**WHAT YOU ARE ASKED TO DO:** Retype, word for word, every line of the records below starting at the one that contains "Volkswagen Tayron 4Motion" and ending at the one that contains "Vintage Camel Artichoke"; include both of those lines and nothing more.

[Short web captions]
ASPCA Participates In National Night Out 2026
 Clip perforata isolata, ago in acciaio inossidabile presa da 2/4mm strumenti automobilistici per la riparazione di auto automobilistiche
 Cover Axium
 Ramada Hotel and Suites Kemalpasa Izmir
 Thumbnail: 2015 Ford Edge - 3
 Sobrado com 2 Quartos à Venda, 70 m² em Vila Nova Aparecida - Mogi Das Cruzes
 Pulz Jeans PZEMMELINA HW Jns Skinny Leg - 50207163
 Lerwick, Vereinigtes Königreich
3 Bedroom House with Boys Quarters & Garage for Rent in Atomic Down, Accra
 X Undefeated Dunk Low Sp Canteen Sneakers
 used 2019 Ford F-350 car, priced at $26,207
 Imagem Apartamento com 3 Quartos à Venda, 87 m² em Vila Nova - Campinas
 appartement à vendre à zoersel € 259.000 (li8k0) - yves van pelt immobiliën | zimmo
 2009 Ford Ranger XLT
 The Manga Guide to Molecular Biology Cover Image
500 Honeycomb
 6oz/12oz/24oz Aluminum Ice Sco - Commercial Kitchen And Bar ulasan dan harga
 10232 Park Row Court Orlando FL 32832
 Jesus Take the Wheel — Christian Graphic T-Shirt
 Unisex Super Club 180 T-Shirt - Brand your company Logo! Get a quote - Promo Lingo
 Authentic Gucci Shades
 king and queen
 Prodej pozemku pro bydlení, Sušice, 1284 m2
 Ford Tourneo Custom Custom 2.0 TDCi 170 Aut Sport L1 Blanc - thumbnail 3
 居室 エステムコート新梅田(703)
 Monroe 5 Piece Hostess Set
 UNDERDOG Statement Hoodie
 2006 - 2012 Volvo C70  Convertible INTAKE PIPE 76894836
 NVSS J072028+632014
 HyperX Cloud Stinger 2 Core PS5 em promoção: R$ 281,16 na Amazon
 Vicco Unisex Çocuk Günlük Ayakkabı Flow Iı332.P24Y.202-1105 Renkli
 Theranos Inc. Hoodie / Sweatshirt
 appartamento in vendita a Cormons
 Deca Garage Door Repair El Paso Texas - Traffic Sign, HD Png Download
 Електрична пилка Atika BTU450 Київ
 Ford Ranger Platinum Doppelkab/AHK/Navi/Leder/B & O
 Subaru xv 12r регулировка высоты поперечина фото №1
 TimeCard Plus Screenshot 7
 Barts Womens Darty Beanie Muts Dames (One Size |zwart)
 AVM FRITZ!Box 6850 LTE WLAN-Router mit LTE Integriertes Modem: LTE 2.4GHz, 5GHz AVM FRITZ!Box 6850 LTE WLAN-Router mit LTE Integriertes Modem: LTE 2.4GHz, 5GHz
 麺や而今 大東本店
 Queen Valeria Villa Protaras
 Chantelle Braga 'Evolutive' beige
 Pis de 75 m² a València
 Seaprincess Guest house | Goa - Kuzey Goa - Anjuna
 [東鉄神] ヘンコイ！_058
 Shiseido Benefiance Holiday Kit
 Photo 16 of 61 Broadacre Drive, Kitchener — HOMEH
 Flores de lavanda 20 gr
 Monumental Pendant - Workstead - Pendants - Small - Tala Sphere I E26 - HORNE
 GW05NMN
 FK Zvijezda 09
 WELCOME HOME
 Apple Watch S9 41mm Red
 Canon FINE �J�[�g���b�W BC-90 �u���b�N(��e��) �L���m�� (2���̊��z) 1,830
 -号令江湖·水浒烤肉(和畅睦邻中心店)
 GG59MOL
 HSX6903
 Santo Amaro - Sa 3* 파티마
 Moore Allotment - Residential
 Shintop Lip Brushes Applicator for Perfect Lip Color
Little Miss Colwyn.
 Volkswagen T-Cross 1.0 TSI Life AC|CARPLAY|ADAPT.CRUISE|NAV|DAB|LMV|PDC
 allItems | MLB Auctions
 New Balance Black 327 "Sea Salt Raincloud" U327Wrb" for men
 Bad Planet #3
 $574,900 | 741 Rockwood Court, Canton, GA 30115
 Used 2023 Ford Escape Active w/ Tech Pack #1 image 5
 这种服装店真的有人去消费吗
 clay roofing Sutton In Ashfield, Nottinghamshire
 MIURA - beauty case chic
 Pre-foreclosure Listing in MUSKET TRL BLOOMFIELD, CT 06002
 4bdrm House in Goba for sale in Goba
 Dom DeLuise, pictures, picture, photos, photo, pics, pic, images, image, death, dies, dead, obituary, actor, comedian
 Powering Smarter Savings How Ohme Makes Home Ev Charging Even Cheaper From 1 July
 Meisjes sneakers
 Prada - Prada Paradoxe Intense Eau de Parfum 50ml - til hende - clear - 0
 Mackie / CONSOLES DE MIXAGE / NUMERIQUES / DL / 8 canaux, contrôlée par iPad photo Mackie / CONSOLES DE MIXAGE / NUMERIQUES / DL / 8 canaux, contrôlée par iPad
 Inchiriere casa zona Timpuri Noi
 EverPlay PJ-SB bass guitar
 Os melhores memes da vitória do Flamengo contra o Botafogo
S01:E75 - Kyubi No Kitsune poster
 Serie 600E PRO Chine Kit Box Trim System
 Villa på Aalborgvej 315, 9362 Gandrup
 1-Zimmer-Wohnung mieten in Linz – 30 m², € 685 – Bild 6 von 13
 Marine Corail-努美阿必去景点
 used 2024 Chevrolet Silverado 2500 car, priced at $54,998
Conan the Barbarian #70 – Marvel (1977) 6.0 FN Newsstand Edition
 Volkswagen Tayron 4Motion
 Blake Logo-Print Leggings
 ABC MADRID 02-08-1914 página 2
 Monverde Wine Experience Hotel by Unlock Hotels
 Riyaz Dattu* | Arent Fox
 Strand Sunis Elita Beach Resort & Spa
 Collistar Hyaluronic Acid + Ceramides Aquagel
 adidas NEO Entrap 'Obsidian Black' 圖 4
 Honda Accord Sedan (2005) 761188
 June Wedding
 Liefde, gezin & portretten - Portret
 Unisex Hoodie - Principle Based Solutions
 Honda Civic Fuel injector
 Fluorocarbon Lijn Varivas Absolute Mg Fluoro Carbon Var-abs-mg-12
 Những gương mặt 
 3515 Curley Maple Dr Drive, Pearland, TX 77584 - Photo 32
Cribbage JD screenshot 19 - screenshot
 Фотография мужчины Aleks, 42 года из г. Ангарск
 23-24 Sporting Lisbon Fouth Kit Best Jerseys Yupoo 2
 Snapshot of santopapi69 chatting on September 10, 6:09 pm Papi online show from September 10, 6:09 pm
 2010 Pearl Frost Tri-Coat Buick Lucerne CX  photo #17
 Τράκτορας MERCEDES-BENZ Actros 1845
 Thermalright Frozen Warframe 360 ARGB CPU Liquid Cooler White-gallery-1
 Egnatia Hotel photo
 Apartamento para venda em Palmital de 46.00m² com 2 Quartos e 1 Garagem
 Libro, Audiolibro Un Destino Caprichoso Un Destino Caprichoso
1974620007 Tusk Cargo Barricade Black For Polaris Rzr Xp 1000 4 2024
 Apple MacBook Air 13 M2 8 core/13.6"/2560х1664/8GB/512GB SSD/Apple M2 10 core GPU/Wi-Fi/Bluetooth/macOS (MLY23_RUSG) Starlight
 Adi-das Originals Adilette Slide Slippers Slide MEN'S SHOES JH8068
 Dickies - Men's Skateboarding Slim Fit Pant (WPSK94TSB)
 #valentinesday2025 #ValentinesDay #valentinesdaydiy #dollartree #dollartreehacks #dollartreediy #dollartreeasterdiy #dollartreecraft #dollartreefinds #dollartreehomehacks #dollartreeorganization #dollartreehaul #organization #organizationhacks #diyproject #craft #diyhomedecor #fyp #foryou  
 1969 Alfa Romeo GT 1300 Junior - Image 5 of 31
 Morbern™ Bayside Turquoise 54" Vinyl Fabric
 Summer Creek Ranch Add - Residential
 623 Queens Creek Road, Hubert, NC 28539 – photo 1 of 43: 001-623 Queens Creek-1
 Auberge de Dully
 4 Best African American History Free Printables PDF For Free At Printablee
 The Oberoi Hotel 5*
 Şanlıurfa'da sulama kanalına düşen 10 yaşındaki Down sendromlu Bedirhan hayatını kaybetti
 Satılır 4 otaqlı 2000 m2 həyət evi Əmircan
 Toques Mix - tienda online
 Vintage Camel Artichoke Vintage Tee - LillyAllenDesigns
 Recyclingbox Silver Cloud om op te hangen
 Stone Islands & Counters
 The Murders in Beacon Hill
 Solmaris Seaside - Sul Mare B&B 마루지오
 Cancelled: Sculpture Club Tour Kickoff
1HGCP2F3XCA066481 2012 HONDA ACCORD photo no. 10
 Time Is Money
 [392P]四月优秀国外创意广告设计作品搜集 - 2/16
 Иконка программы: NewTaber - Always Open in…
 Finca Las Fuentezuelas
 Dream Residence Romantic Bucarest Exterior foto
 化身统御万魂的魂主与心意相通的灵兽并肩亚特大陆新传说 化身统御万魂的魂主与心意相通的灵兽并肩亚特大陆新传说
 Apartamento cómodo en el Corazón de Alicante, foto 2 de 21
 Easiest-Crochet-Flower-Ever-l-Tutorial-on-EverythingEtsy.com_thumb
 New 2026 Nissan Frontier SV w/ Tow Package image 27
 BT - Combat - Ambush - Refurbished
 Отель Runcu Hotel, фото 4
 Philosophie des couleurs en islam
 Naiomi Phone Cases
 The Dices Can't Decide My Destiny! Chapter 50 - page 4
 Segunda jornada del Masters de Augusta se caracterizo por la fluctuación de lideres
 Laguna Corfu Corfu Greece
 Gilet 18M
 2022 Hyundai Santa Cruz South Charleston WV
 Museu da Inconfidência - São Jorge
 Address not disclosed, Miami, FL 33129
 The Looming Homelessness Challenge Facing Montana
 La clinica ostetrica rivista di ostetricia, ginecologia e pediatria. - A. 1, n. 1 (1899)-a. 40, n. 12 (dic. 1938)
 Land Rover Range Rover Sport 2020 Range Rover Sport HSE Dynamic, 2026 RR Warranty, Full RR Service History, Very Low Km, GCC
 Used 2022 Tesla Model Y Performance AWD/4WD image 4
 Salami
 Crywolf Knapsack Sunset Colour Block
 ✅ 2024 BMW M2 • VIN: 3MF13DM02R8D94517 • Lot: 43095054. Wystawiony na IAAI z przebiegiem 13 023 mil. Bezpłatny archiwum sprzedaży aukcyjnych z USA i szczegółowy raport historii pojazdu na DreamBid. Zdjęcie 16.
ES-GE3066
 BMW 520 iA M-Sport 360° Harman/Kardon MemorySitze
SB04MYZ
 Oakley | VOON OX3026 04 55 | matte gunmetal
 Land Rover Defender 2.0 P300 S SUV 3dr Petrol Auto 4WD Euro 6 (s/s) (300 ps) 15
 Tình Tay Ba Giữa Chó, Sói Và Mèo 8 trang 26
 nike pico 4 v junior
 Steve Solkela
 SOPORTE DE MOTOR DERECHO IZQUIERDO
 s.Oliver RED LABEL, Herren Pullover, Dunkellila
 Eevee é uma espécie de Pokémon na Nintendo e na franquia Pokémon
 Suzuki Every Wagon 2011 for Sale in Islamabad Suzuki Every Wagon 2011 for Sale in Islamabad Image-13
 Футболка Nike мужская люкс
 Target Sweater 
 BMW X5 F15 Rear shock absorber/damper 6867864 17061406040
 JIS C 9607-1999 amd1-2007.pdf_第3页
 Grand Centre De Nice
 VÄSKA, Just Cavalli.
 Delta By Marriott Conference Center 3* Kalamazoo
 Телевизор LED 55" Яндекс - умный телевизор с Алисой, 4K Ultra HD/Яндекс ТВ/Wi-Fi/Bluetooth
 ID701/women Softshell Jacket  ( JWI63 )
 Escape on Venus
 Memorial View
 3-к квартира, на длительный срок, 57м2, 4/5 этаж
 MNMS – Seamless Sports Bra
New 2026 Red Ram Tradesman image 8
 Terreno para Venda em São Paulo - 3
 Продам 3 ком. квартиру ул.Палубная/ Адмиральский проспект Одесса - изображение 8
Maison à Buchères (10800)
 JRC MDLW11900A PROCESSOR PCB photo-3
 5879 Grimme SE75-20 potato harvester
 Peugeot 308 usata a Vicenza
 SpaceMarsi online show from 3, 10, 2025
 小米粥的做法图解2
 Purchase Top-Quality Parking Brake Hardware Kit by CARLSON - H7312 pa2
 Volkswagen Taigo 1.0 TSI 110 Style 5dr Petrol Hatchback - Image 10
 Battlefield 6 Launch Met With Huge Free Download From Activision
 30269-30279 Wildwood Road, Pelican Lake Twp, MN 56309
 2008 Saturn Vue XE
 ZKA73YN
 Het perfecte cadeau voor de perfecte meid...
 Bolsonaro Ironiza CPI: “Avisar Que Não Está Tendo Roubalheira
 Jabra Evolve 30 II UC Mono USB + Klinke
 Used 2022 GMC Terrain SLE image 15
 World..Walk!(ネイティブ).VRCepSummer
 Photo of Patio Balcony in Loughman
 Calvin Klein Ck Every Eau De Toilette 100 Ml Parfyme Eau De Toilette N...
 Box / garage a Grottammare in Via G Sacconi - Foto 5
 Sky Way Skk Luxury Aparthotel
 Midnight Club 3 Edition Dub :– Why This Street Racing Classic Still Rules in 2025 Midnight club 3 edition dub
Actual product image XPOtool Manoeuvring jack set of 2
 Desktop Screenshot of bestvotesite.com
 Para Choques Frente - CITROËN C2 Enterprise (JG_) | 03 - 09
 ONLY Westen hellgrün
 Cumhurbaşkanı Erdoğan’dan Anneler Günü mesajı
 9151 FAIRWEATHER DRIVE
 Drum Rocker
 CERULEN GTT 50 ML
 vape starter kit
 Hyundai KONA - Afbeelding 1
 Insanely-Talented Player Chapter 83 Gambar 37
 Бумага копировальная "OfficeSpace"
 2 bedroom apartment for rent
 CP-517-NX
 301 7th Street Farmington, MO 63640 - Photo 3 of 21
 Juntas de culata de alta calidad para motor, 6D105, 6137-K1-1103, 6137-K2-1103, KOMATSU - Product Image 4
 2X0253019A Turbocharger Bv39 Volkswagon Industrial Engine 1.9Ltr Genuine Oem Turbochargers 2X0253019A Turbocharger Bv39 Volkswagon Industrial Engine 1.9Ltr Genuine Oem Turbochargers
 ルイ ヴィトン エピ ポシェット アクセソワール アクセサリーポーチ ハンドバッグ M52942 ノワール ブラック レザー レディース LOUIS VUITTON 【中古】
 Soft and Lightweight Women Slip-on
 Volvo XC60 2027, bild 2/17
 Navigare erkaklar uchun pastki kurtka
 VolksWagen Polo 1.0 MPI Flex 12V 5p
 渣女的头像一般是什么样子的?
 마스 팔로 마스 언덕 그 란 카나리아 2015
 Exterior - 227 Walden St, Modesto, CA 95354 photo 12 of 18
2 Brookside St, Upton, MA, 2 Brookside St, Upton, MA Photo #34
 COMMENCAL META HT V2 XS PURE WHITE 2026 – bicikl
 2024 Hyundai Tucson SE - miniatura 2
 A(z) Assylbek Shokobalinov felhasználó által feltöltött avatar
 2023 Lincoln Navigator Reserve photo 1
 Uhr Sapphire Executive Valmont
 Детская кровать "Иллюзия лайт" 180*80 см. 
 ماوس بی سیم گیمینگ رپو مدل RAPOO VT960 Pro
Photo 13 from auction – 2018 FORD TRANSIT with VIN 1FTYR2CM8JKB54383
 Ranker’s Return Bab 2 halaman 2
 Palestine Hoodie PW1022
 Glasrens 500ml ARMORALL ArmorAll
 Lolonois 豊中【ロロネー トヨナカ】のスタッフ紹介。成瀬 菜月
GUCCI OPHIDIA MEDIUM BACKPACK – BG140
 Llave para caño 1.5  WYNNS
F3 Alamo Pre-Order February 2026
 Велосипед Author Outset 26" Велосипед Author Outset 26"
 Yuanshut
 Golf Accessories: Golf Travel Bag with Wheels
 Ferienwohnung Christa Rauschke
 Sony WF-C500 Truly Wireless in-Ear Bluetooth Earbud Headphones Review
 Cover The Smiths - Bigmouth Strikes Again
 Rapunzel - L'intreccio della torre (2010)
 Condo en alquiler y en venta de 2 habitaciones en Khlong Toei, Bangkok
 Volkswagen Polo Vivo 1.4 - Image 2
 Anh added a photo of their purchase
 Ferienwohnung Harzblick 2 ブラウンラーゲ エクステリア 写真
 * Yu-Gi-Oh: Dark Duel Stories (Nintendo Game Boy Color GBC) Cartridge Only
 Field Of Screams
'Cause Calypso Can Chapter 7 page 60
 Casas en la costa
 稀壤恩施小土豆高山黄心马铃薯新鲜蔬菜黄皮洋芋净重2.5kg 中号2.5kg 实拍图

**TASK RESPONSE:**
 Volkswagen Tayron 4Motion
 Blake Logo-Print Leggings
 ABC MADRID 02-08-1914 página 2
 Monverde Wine Experience Hotel by Unlock Hotels
 Riyaz Dattu* | Arent Fox
 Strand Sunis Elita Beach Resort & Spa
 Collistar Hyaluronic Acid + Ceramides Aquagel
 adidas NEO Entrap 'Obsidian Black' 圖 4
 Honda Accord Sedan (2005) 761188
 June Wedding
 Liefde, gezin & portretten - Portret
 Unisex Hoodie - Principle Based Solutions
 Honda Civic Fuel injector
 Fluorocarbon Lijn Varivas Absolute Mg Fluoro Carbon Var-abs-mg-12
 Những gương mặt 
 3515 Curley Maple Dr Drive, Pearland, TX 77584 - Photo 32
Cribbage JD screenshot 19 - screenshot
 Фотография мужчины Aleks, 42 года из г. Ангарск
 23-24 Sporting Lisbon Fouth Kit Best Jerseys Yupoo 2
 Snapshot of santopapi69 chatting on September 10, 6:09 pm Papi online show from September 10, 6:09 pm
 2010 Pearl Frost Tri-Coat Buick Lucerne CX  photo #17
 Τράκτορας MERCEDES-BENZ Actros 1845
 Thermalright Frozen Warframe 360 ARGB CPU Liquid Cooler White-gallery-1
 Egnatia Hotel photo
 Apartamento para venda em Palmital de 46.00m² com 2 Quartos e 1 Garagem
 Libro, Audiolibro Un Destino Caprichoso Un Destino Caprichoso
1974620007 Tusk Cargo Barricade Black For Polaris Rzr Xp 1000 4 2024
 Apple MacBook Air 13 M2 8 core/13.6"/2560х1664/8GB/512GB SSD/Apple M2 10 core GPU/Wi-Fi/Bluetooth/macOS (MLY23_RUSG) Starlight
 Adi-das Originals Adilette Slide Slippers Slide MEN'S SHOES JH8068
 Dickies - Men's Skateboarding Slim Fit Pant (WPSK94TSB)
 #valentinesday2025 #ValentinesDay #valentinesdaydiy #dollartree #dollartreehacks #dollartreediy #dollartreeasterdiy #dollartreecraft #dollartreefinds #dollartreehomehacks #dollartreeorganization #dollartreehaul #organization #organizationhacks #diyproject #craft #diyhomedecor #fyp #foryou  
 1969 Alfa Romeo GT 1300 Junior - Image 5 of 31
 Morbern™ Bayside Turquoise 54" Vinyl Fabric
 Summer Creek Ranch Add - Residential
 623 Queens Creek Road, Hubert, NC 28539 – photo 1 of 43: 001-623 Queens Creek-1
 Auberge de Dully
 4 Best African American History Free Printables PDF For Free At Printablee
 The Oberoi Hotel 5*
 Şanlıurfa'da sulama kanalına düşen 10 yaşındaki Down sendromlu Bedirhan hayatını kaybetti
 Satılır 4 otaqlı 2000 m2 həyət evi Əmircan
 Toques Mix - tienda online
 Vintage Camel Artichoke Vintage Tee - LillyAllenDesigns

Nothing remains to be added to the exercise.